Electromagnetism

Q. Electromagnetism

Question.
A particle having mass m and charge q is released from the origin in a region in which magnetic field and electric field are given by B vector = - Bo*j vector and E vector = Eo* k vector.

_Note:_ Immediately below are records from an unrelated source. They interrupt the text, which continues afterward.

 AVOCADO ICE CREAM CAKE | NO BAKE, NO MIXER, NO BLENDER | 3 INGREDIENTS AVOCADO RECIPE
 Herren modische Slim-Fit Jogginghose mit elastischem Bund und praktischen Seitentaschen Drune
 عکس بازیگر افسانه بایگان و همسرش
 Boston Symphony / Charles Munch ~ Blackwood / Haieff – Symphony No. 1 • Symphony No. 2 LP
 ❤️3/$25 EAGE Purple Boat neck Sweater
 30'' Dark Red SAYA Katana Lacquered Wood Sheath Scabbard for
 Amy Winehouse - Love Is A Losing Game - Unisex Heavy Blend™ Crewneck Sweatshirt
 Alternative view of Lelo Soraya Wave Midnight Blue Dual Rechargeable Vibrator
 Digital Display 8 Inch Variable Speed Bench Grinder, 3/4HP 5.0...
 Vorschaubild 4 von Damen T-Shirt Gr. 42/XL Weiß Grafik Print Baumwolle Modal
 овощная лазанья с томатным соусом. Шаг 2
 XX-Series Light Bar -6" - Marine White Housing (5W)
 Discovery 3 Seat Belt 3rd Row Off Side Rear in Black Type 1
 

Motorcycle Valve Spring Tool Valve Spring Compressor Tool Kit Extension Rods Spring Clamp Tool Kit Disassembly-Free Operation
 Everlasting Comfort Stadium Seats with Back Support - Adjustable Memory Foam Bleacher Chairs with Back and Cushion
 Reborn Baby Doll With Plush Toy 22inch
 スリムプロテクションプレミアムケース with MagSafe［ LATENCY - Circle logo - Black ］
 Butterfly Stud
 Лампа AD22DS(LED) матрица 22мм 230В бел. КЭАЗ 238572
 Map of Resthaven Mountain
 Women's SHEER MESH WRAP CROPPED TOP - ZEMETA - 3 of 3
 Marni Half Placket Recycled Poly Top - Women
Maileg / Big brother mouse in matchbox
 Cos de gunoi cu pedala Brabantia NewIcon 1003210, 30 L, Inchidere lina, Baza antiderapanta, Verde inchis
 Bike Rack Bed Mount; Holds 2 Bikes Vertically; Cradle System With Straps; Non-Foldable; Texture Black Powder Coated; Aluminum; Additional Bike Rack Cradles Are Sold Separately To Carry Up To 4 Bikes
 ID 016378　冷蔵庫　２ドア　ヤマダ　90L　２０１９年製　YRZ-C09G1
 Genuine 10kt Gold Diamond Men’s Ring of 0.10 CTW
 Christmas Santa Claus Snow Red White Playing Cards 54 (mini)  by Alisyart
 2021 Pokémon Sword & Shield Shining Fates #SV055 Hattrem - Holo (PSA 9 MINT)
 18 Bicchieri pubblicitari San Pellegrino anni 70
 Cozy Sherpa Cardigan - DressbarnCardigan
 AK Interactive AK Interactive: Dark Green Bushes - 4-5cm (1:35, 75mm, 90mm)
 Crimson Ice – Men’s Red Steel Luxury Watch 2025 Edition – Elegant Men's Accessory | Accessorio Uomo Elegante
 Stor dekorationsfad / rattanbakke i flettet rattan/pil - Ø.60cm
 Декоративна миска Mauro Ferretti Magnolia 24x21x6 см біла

Find the speed of the particle as a function of its Z - coordinate.

Answer.

Lorentz force: F = (Fx, Fy, Fz) = q(E + V x B)
Here E = (0, 0, Eo), V = (Vx, Vy, Vz) and B = (0, -Bo, 0) ==>
V x B = (Vz*Bo, 0, -Vx*Bo)
m*(dV/dt) = q(Vz*Bo, 0, Eo -Vx*Bo)
(m/qBo)*(dV/dt) = (Vz, 0, Eo/Bo -Vx) ==>

(m/qBo)*(dVx/dt) = Vz ..... (1)
(m/qBo)*(dVz/dt) = Eo/Bo -Vx ..... (2)

Differentiate (1) wrt t ==> (m/qBo)*(d²Vx/dt²) = dVz/dt ..... (3)
Substitute dVz/dt from (3) in (2) ==>
(m/qBo)² * (d²Vx/dt²) = Eo/Bo -Vx
(m/qBo)² * (d²Vx/dt²) + Vx = Eo/Bo ..... (4)
The solution of the differential equation (4) is
Vx = (Eo/Bo)*[1-cos(qBo*t/m)] ..... (5)
From (1) ==>
Vz = (Eo/Bo)*sin(qBo*t/m) ..... (6)

From (5) and (6) ==>
X = (Eo/Bo)*[t - (m/qBo)sin(qBo*t/m)] ..... (7)
Z = (mEo/qBo²)*[1 - cos(qBo*t/m)] ..... (8) 

From (7) and (8) ==>
The particle is moving along the cycloid in the xz coordinate plane.

V² = Vx² + Vz² = (Eo/Bo)² * [2 - 2cos(qBo*t/m)]
V² = (Eo/Bo)² * 2[1 - cos(qBo*t/m)] ..... (9)
From (8) and (9) ==> V² = 2qEo*Z/m
V = √(2qEo*Z/m)